Ссылки для упрощенного доступа

САМИ И ЛЕННИ






Иногда на интересные мысли наводит самый странный источник, самый случайный, подчас абсурдный повод.


У нас в нью-йоркском офисе есть Советская Литературная Энциклопедия периода так называемой вульгарной социологии, когда абсолютно уверенные в себе большевики ничего не боялись, в том числе не стеснялись демонстрировать свою даже марксистскую малограмотность. Литературу тогда выводили непосредственно из экономики, а того или иного писателя-классика из его имущественного положения. Так, Пушкин был представителем «психоидеологии» (любимое тогдашнее словечко) крупного, но обедневшего дворянства, а Гоголь – выразителем дворянства мелкого. Никаких посредствующих звеньев не признавали.

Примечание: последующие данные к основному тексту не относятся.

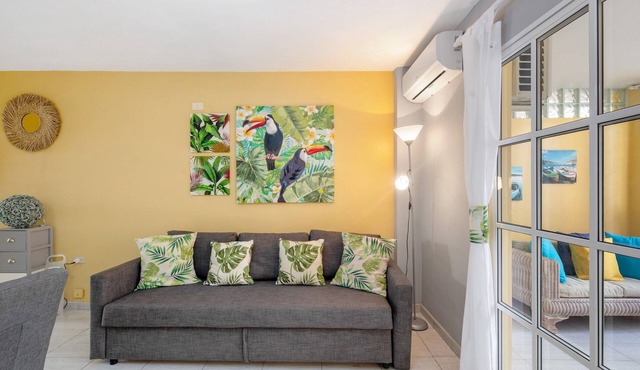 Apartment 'Paraíso Playa' with Private Terrace, Wi-Fi and Air Conditioning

Все годы работы в офисе я в обеденный перерыв почитывал эту Энциклопедию. Это замечательный памятник эпохи. Это можно гурмански смаковать. Это был стиль кэмп по-большевицки. Кэмп, напоминаю, это превращение в объект эстетического любования всякой базарной дешевки. СЛЭ по-своему стильна. Собственно, стиль это и есть «по-своему», «я сам», как говорил Маяковский, некая интегральная самость: вот такой, а не другой. В конце двадцатых годов, когда начала выходить эта энциклопедия, большевики держали стиль. Эклектика началась потом.

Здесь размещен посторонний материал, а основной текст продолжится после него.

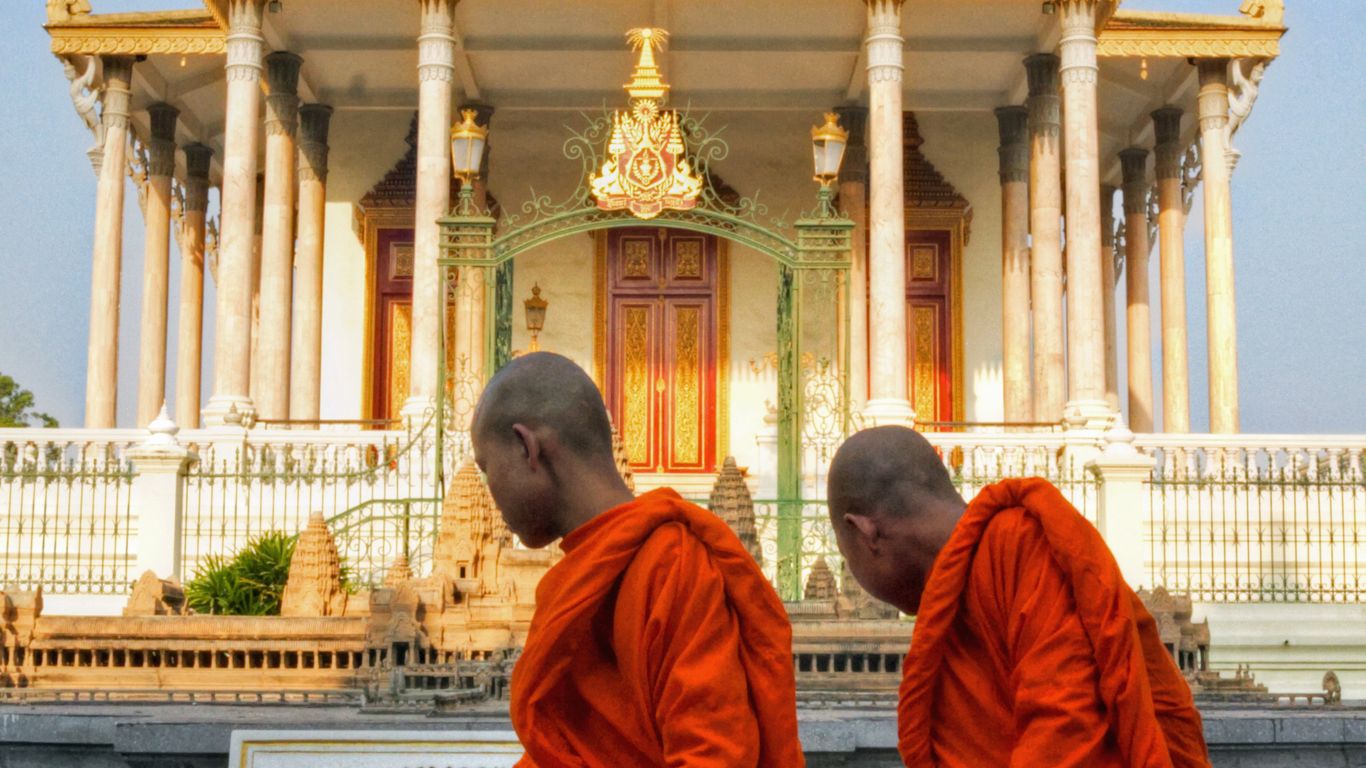 Flights to Phnom Penh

Эренбург написал в воспоминаниях, как в середине тридцатых, когда он был уже в фаворе, на приеме во французском посольстве в Москве какой-то дипломатический чин, научившийся по-русски, начал вслух читать статью об Эренбурге, где он трактовался негативно. Эренбург усмехается: этот человек привык думать, что всякая энциклопедия – справочник, он не понимал, что наши оценки меняются каждые пять лет. Та старая литературная энциклопедия исключения не представляла. Последний ее том вышел уже в 1939 году, когда с вульгарным социологизмом было покончено, и никаких уже психоидеологий, выводимых из десятин. Даже больше: уже заключили пакт с Гитлером, и вот в статье о Фейхтвангере нет даже слова «фашизм», бывшего до этого бранным: упоминается только о конце буржуазного либерализма в Германии.

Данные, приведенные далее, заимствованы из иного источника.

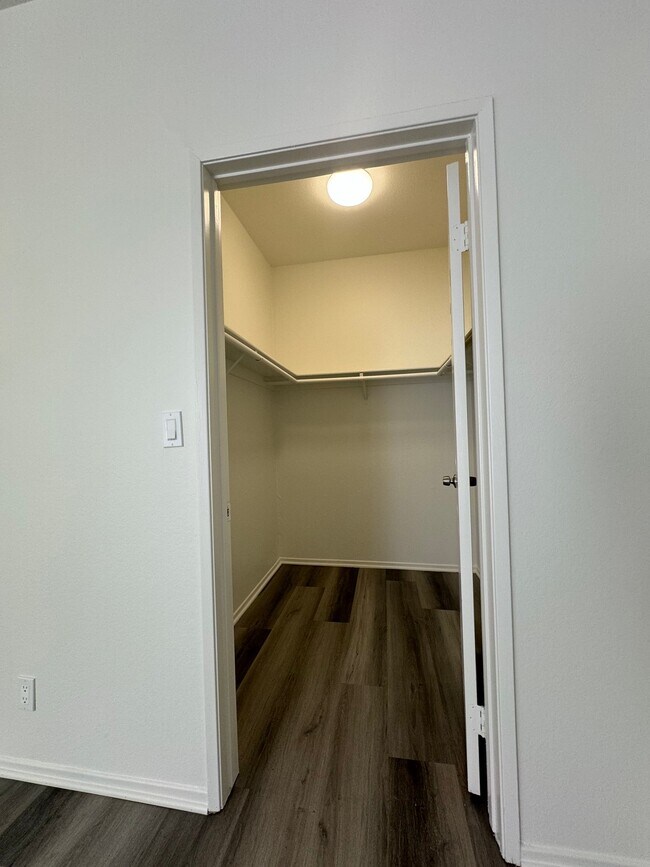 Building Photo - 4343 Whitsett Ave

Но вот пример чистоты старобольшевицкого стиля. Попалась мне на глаза статья о Гумилеве, написанная тогдашним литчиновником из рапповцев Бескиным. Шкловский называл его «мелкий Бескин». Этому человеку повезло: в отличие от многих других рапповцев, он избежал репрессий. Вот что он в частности пишет о Гумилеве:



«Поэт не за страх, а за совесть примыкает к стану империализма, становясь его верным, проникновенным певцом. Агрессивный дворянин, презирающий даже буржуазную демократию, он устремляется к империализму как некоему новому рыцарству, ордену сильных личностей, завоевателей. Он отталкивается от расхлябанности русской интеллигенции, не всегда знающей, что ей нужно.


Всё его творчество отмечено страстью к путешествиям, к экзотике, открытиям, к морским путям, ведущим в неизведанные страны. В обстановке подготовки империалистической бойни и нарастания рабочего движения его творчество естественно устремляется в русло экзотики, окрашенной империалистическими тенденциями».



Нельзя не признать, что какая-то мелкая правда, низкая истина в этих словах есть. И, прежде всего, верно, что Гумилев, его, скажем по-советски, лирический герой действительно противоположен традиционному типу русского интеллигента. Тут можно вспомнить Аполлона Григорьева, разделявшего русских – по крайней мере, в литературе - на два типа: кроткий и хищный. В этой номенклатуре Гумилев безусловно воспевает, да и являет хищный тип. Бесспорно также (возвращаемся к Бескину), что он любит путешествия, морские пути, дальние страны: это только справка о фактах. Но вот как насчет империализма? Чушь, конечно: какое отношение поэзия, любая, не только гумилевская, имеет к империализму? А ведь если подумать, так и это в отношении к Гумилеву оказывается чем-то вроде правды.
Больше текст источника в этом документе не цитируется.